Loading the Parquet manifest

import pandas as pd

manifest = pd.read_parquet("examples/faib_manifest/faib_manifest.parquet")
print(manifest.head())

The Parquet file mirrors the CSV schema (dataset, baf, rows, path, truncated). Use --no-parquet if you need to skip the columnar output or keep storage requirements minimal.

Feed manifest entries into sampling workflows

Once a manifest exists you can select an individual stand table, fit a distribution, and draw samples while tuning the numeric integration settings:

from pathlib import Path

import numpy as np
import pandas as pd

from nemora.core import InventorySpec
from nemora.fit import fit_inventory
from nemora.sampling import SamplingConfig, sample_distribution

manifest = pd.read_parquet("examples/faib_manifest/faib_manifest.parquet")
stand_csv = Path(manifest.loc[0, "path"])  # CSV path captured in the manifest
stand_table = pd.read_csv(stand_csv)

bins = stand_table["dbh_cm"].to_numpy()
tallies = stand_table["tally"].to_numpy(dtype=float)

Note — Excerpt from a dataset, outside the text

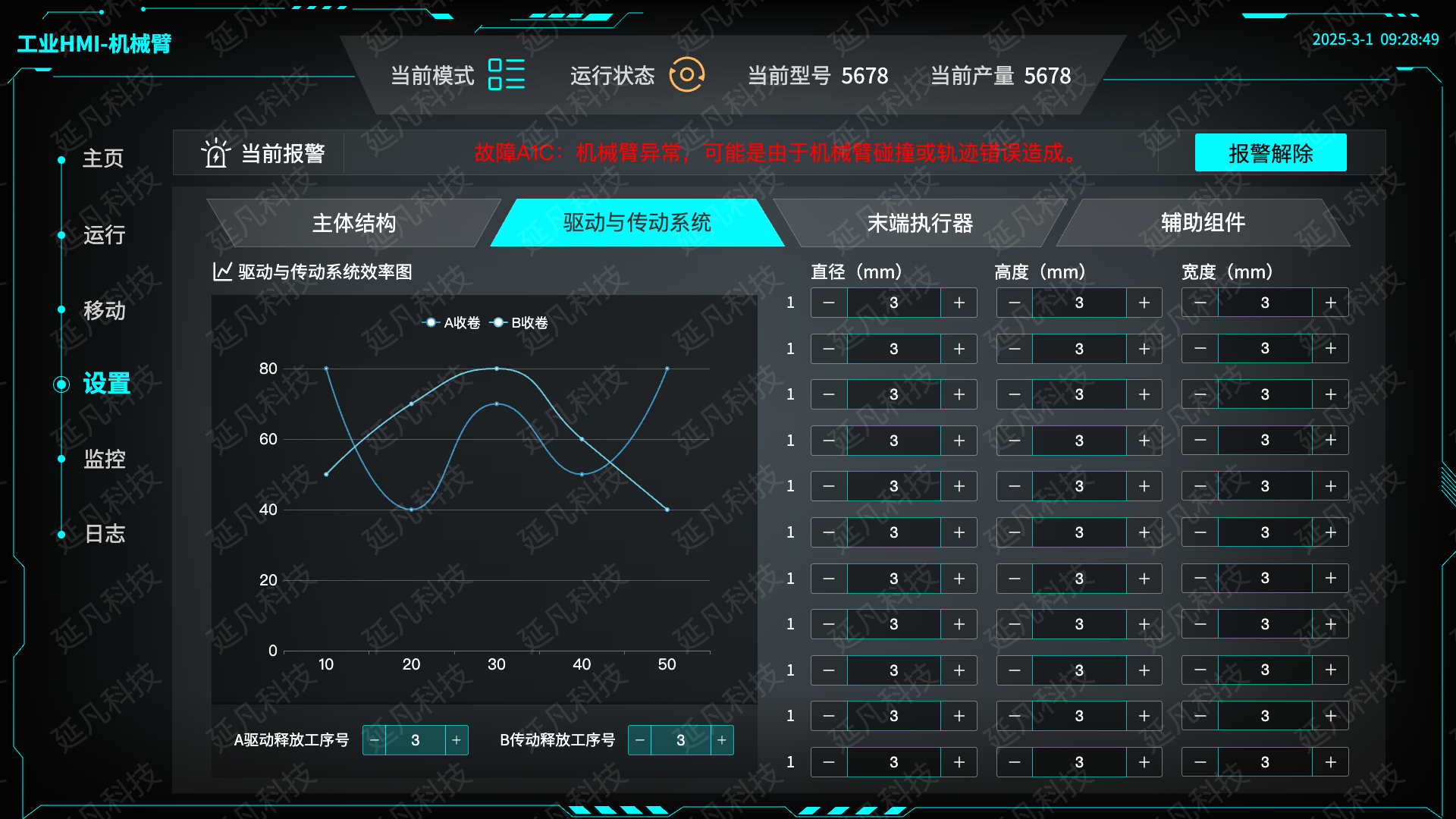 设置-驱动与传动系统@1x (1).png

inventory = InventorySpec(
    name=stand_csv.stem,
    sampling="hps",
    bins=bins,
    tallies=tallies,
    metadata={"grouped": True},
)

fit = fit_inventory(inventory, ["weibull"], configs={})[0]
config = SamplingConfig(
    grid_points=4096,
    support_multiplier=12.0,
    integration_method="quad",
    quad_abs_tol=1e-9,
    quad_rel_tol=1e-8,
    cache_numeric_cdf=True,
)

draws = sample_distribution(
    fit.distribution,
    fit.parameters,
    size=500,
    random_state=123,
    config=config,
)
print(draws[:5])

This script loads the Parquet manifest, pinpoints the original stand-table CSV, fits a Weibull distribution, and samples DBH draws using a high-resolution CDF grid. Adjust SamplingConfig to benchmark how different grid densities or integration methods affect accuracy/performance, and swap in nemora.sampling.bootstrap_inventory when you need the richer metadata tracked by BootstrapResult.

Export bootstrap DBH vectors

After calling bootstrap_inventory(..., return_result=True) you can convert the result into per-resample DBH vectors (plus an optional long-form table) using nemora.sampling.bootstrap_dbh_vectors. The Typer CLI wraps this workflow so you can export JSON + Parquet artifacts without writing code:

nemora sampling-export-bootstrap-dbh "$(python - <<'PY'
import pandas as pd
manifest = pd.read_parquet('examples/faib_manifest/faib_manifest.parquet')
print(manifest.loc[0, 'path'])
PY
)" \
  --stand-id faib-demo-001 \
  --output examples/faib_manifest/faib_demo_dbh.json \
  --table-output examples/faib_manifest/faib_demo_dbh.parquet \
  --resamples 3 \
  --sample-size 25

The JSON file captures metadata (distribution, fitted parameters, bins/tallies, RNG seed) alongside per-resample DBH arrays, while the Parquet export stores every (resample, bin, dbh) row plus tally-derived weights. Feed either artifact directly into upcoming synthesis/simulation tooling or archive them with your sampling experiment logs.